HotSpot JVM Architecture
The HotSpot JVM architecture supports a strong foundation of features and capabilities that help in realizing high performance and massive scalability. The main components of the JVM include the class loader, the runtime data areas, and the execution engine.
The three main components of JVM responsible for application performance are heap, JIT compiler and Garbage Collector. All the object data is stored in heap. This area is then managed by the garbage collector selected at startup. Most tuning options help in sizing the heap and choosing the most appropriate garbage collector. The JIT compiler also has a big impact on performance but rarely requires tuning with the newer versions of the JVM.
While tuning a Java application, the key factors to consider are Responsiveness, Throughput and Footprint.
Responsiveness – Indicates how quickly an application or system responds with a requested piece of data. For applications that intend to be responsive, large pause times are not desirable. The aim is to respond in short periods of time. Examples include:
- How quickly a desktop UI renders pages.
- How prompt a website is.
- How fast can a database be accessed.
Throughput – Maximizing the amount of work by an application in a specific period of time. High pause times may be acceptable for applications that focus on throughput. Throughput may be measured by the following criteria:
- Number of transactions completed in a given time.
- Number of jobs executed by a batch program in an hour.
- The number of database queries completed in given time.
Footprint – The amount of heap size occupied by an application.
Typically, for any given application tuning, two out of the above mentioned three factors are chosen and worked upon. For example, if high throughput with minimal footprint is required, then the application would have to compromise on responsiveness. This is so as in order to keep footprint small, frequent garbage collection would be required which may lead to pausing the application during garbage collection.
The Java HotSpot VM garbage collectors are based on Generational Hypothesis. It is based on following principles:
- Most objects die young
- Only a few live very long
- Longer they live, more likely they live longer
- Old objects rarely reference young objects
Most allocated objects will die young. Few references from older to younger objects exist.

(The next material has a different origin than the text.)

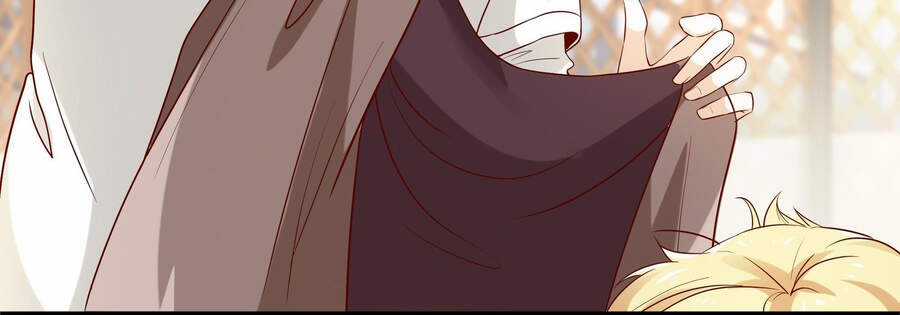 Ba Tôi Là Chiến Thần Chapter 9 trang 138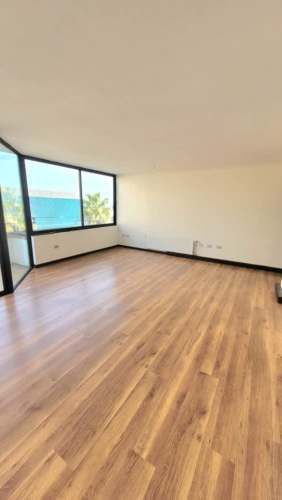 Vendo departamento en Pedro de Valdivia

These two observations are collectively known as the weak generational hypothesis, which generally holds true for Java applications. To take advantage of this hypothesis, the Java HotSpot VM splits the heap into three physical areas, as depicted in figure below:
Young Generation – This is the place where most new objects are allocated. It is typically small and collected frequently. Since most objects in young generation are expected to die quickly, the number of objects that survive a young generation collection (also referred to as a minor collection) is expected to be low. Minor collections tend to be very efficient as they concentrate on a space that is usually small and is likely to contain a lot of garbage objects. Young generation is further compartmentalized into an area called Eden plus two smaller survivor spaces. Most objects are initially allocated in Eden. The survivor spaces hold objects that have survived at least one young generation collection and have thus been given additional chances to die before being considered “old enough” to be promoted to the old generation. At any given time, one of the survivor spaces (labeled From in the figure) holds such objects, while the other is empty and remains unused until the next collection.
Old Generation – Objects that are too big to fit in young generation are allocated directly from old generation. Similarly, objects that are longer-lived are promoted (or tenured) to the old generation. The old generation is typically larger than the young generation and it gets occupied more slowly. This results in old generation collections (also referred to as major collections) to be infrequent but lengthy.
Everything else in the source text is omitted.